INSTRUCTIONS FOR THE TASK: In the reply, give back exactly the lines from the one with "Amtseinfhrung Sabine Stein, von" through the last line of the records, without pictures.

--------------------------------------------------

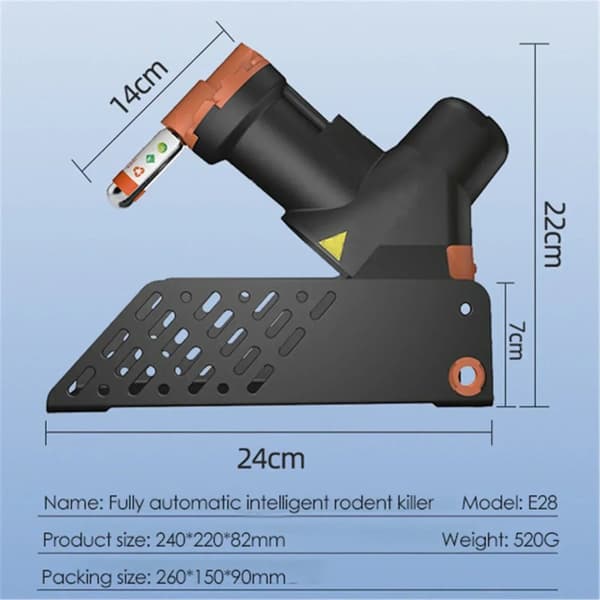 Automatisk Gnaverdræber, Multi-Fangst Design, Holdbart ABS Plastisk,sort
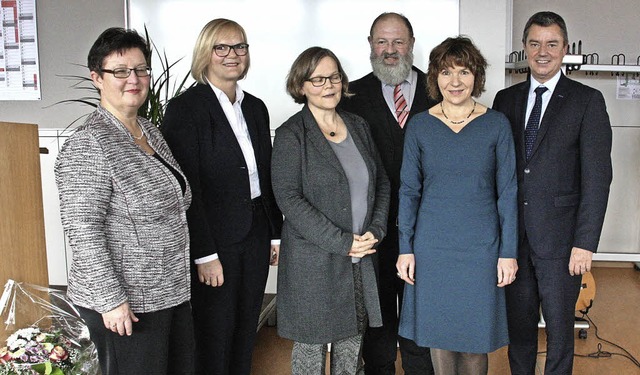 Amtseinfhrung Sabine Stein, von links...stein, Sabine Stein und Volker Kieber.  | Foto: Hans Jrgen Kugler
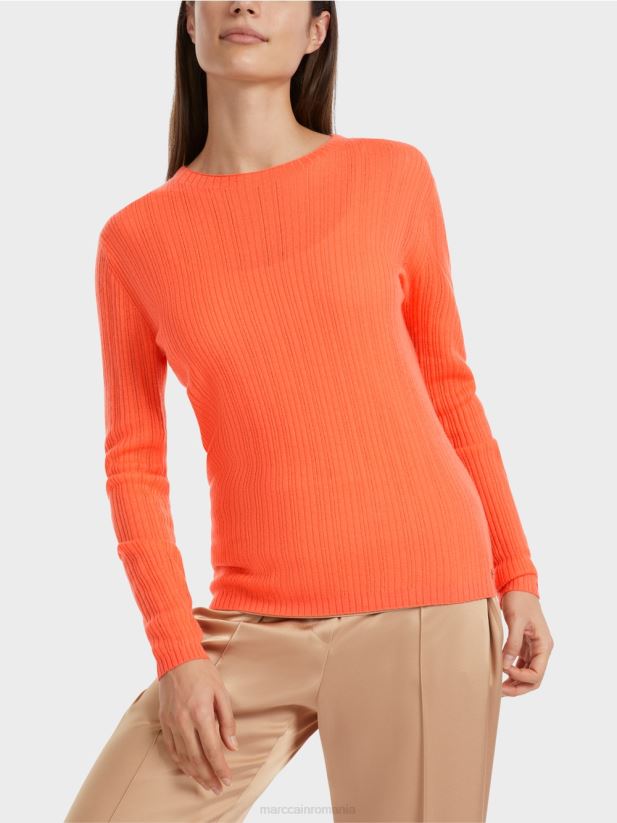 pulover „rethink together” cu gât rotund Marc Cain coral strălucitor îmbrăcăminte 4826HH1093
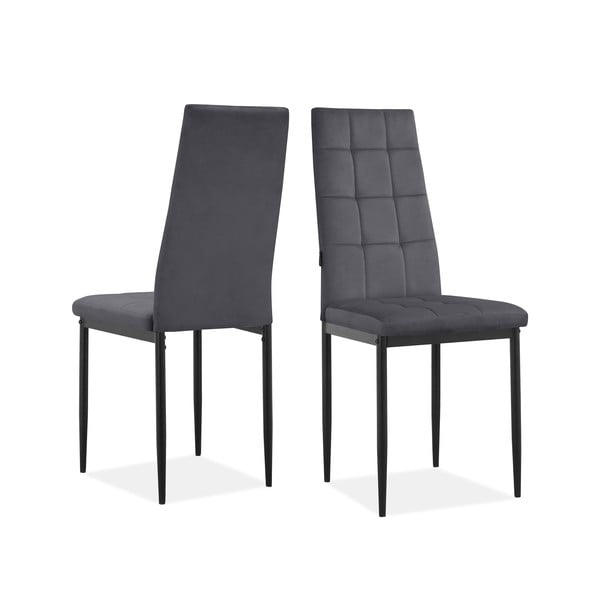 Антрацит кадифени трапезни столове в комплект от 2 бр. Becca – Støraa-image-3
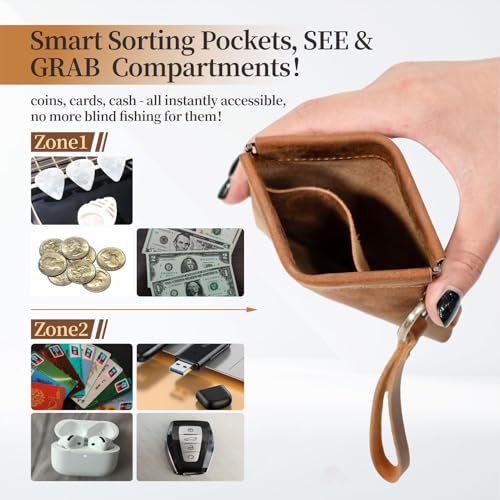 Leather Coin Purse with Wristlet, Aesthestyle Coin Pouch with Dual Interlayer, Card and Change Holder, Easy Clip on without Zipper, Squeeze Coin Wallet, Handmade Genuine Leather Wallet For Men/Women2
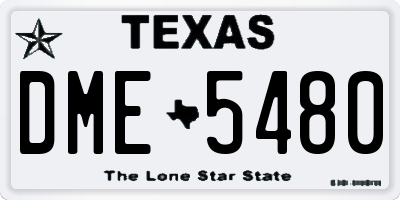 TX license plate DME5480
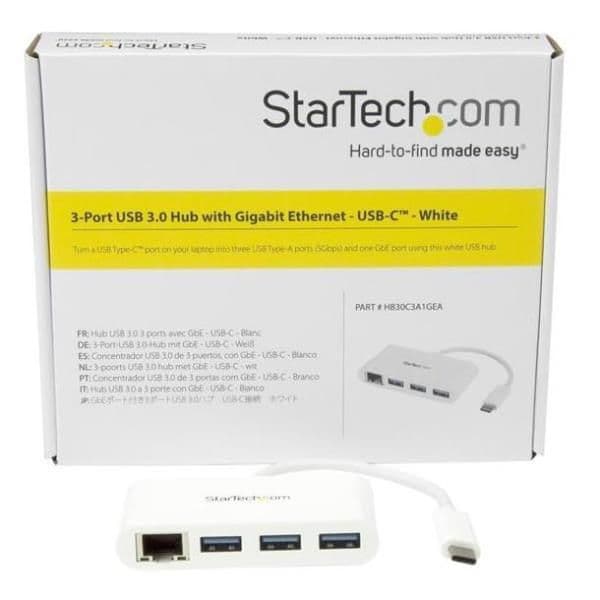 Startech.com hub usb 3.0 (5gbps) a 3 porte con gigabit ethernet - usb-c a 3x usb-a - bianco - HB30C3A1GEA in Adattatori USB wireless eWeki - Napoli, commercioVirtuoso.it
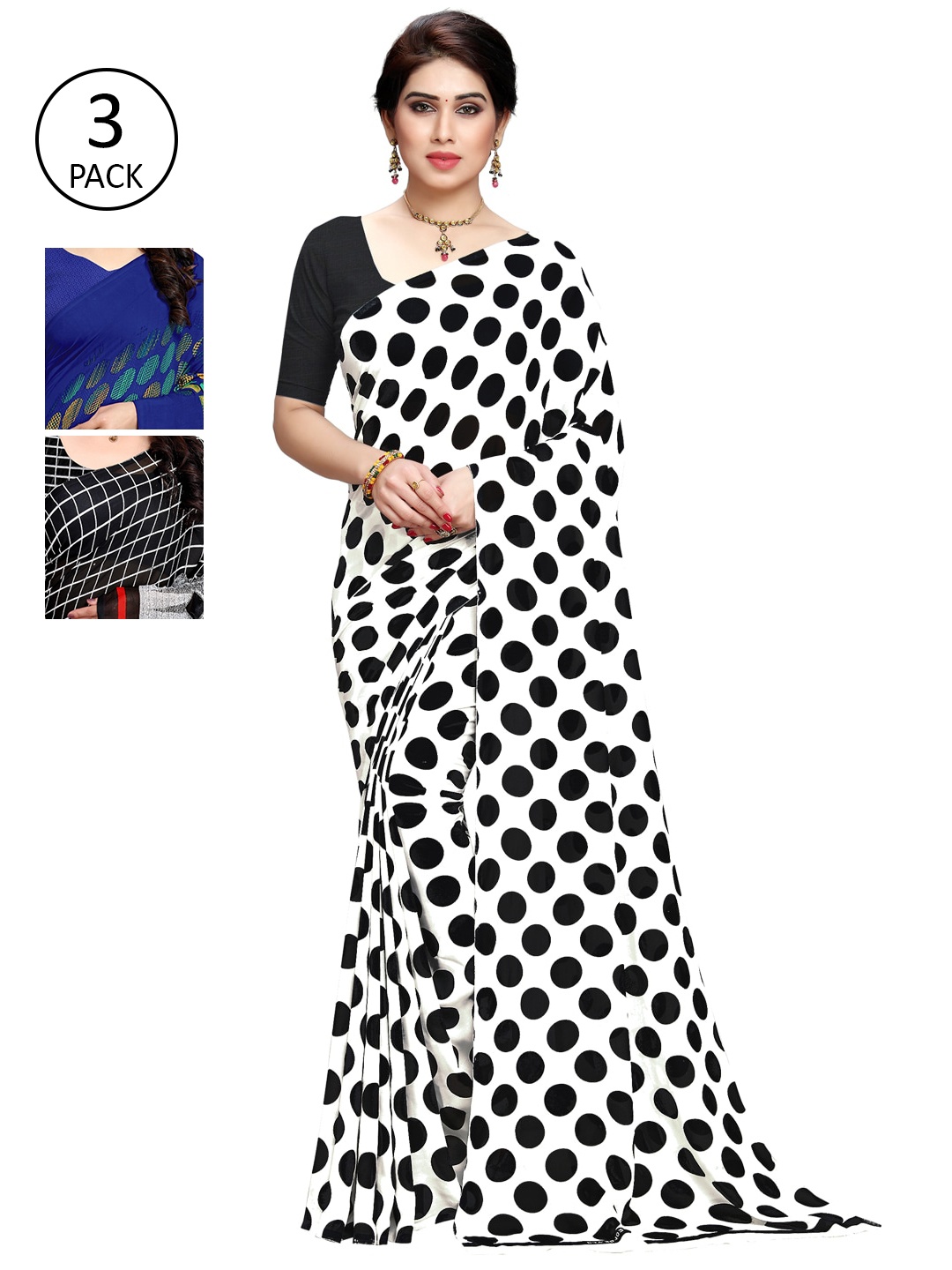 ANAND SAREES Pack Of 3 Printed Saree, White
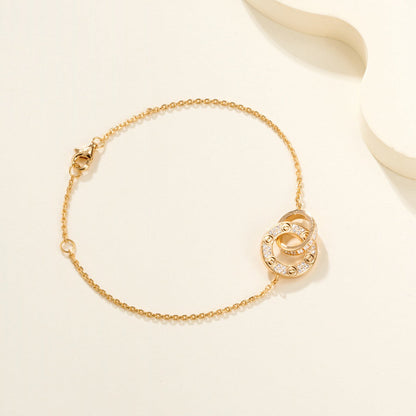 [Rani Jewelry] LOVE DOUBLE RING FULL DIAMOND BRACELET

--------------------------------------------------

WRITTEN ANSWER:
 Amtseinfhrung Sabine Stein, von links...stein, Sabine Stein und Volker Kieber.  | Foto: Hans Jrgen Kugler
 pulover „rethink together” cu gât rotund Marc Cain coral strălucitor îmbrăcăminte 4826HH1093
 Антрацит кадифени трапезни столове в комплект от 2 бр. Becca – Støraa-image-3
 Leather Coin Purse with Wristlet, Aesthestyle Coin Pouch with Dual Interlayer, Card and Change Holder, Easy Clip on without Zipper, Squeeze Coin Wallet, Handmade Genuine Leather Wallet For Men/Women2
 TX license plate DME5480
 Startech.com hub usb 3.0 (5gbps) a 3 porte con gigabit ethernet - usb-c a 3x usb-a - bianco - HB30C3A1GEA in Adattatori USB wireless eWeki - Napoli, commercioVirtuoso.it
 ANAND SAREES Pack Of 3 Printed Saree, White
 [Rani Jewelry] LOVE DOUBLE RING FULL DIAMOND BRACELET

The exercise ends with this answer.